Sunwaterlife est une société simplifiée par actions au capital de 62 100 euros créée le 22 octobre 2014 à Toulouse par Christophe Camperi-Ginestet, son président et par Hervé Le Berre son directeur général. Le site web societe.com nous indique que son chiffre d’affaires en 2016 était de 148 400 euros dont 119 600 euros à l’export pour une perte de 174 300 euros. Les chiffres pour l’année 2017 ne sont pas disponibles.
La start-up toulousaine a développé Aqualink, une gamme de purificateurs d’eau utilisant une technologie ancienne d’osmose inverse alimentée par photovoltaïque ou PVRO, conçue ici spécifiquement pour les pays en voie de développement.
En juin 2015, Sunwaterlife avait mené une campagne d’Equity Crowdfunding sur Wiseed. Elle avait collecté 350 000 euros auprès de 623 contributeurs. Guillaume, un wiseeder, y avait écrit le 9 janvier 2015 en commentaire :
Un système “PVRO” est un système complexe dans son dimensionnement notamment à petite échelle et sans apport constant d’énergie et un système extrêmement sensible aux lieux et conditions d’utilisations (eau saumâtre ou salée, ensoleillement, régularité d’utilisation… etc) . Il y a plusieurs acteurs sur ce secteur. C’est un marché difficile.

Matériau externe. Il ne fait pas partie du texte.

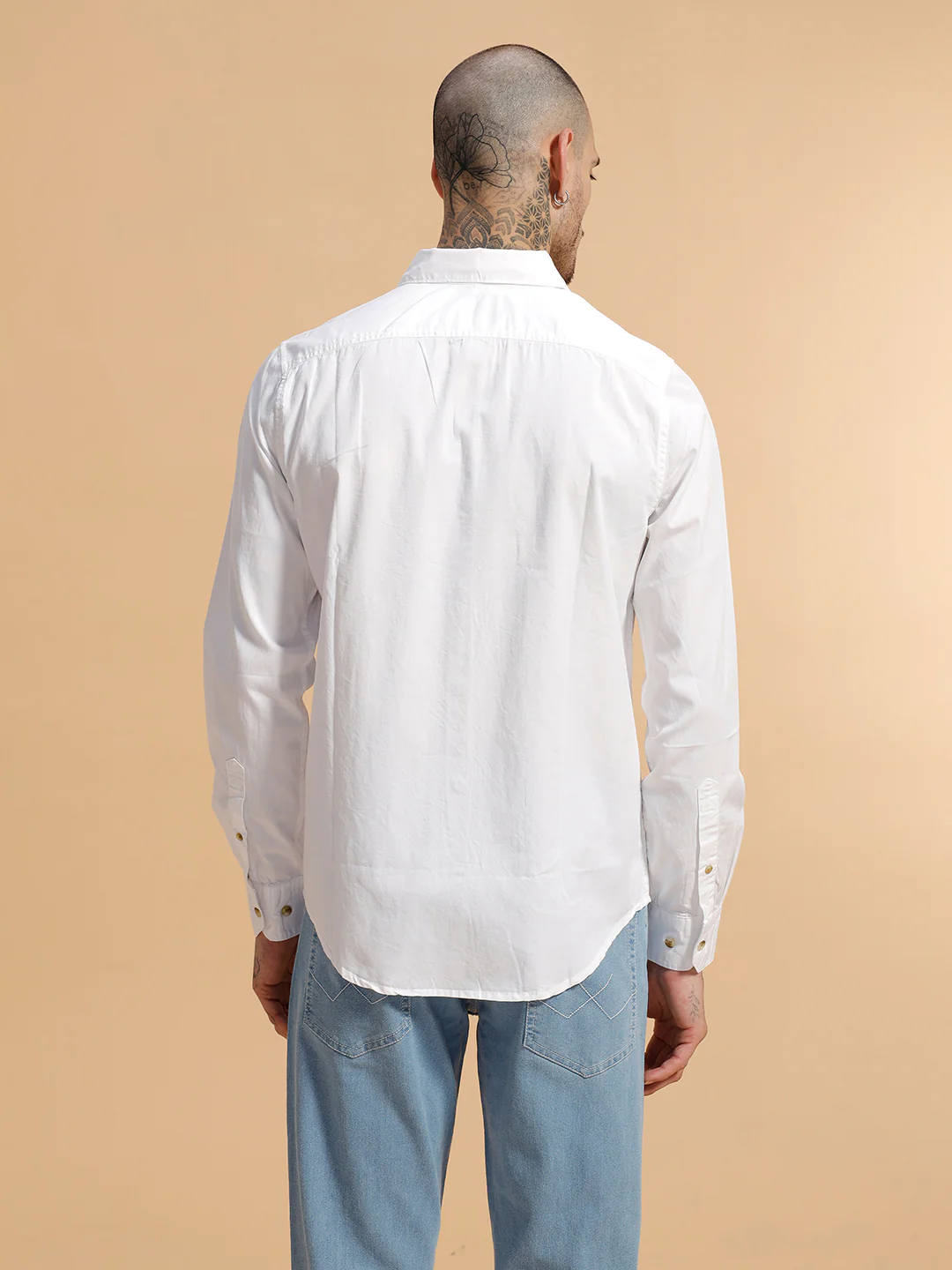 Solid Full Sleeve Cotton Shirt | White - Image 3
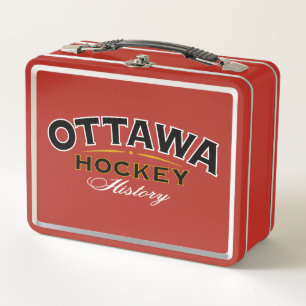 Caja de almuerzo roja de hockey sobre césped de Ot
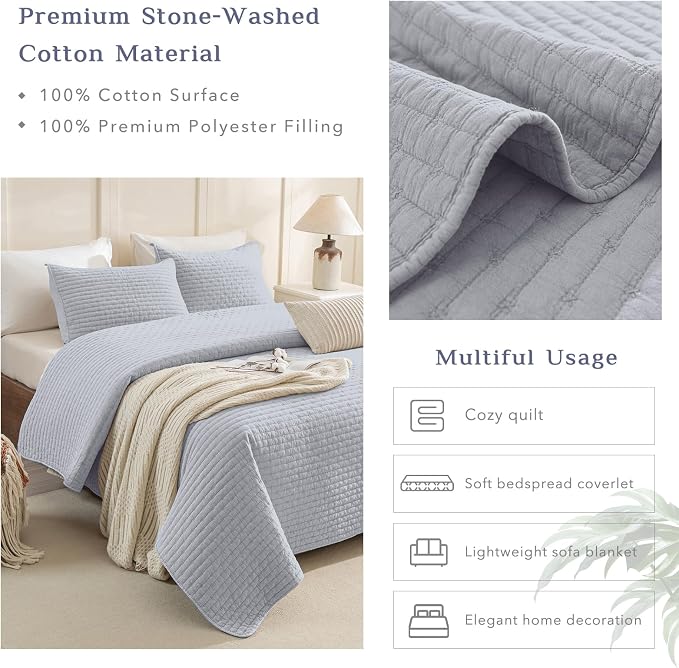 CozyTide Quilt King Size, Stone-Washed Cotton Light Blue King Quilt Bedding Set - Image 4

En 2016, Sunwaterlife a mené une campagne de financement participatif sur la plateforme Ulule en faveur des sinistrés de l’ouragan Matthew en Haïti. L’objectif était de permettre l’envoi de ses systèmes de purification d’eau. Elle n’a collecté que 1 257 euros ou environ 25% de son objectif financier minimum de 5 000 euros auprès de seulement 34 contributeurs.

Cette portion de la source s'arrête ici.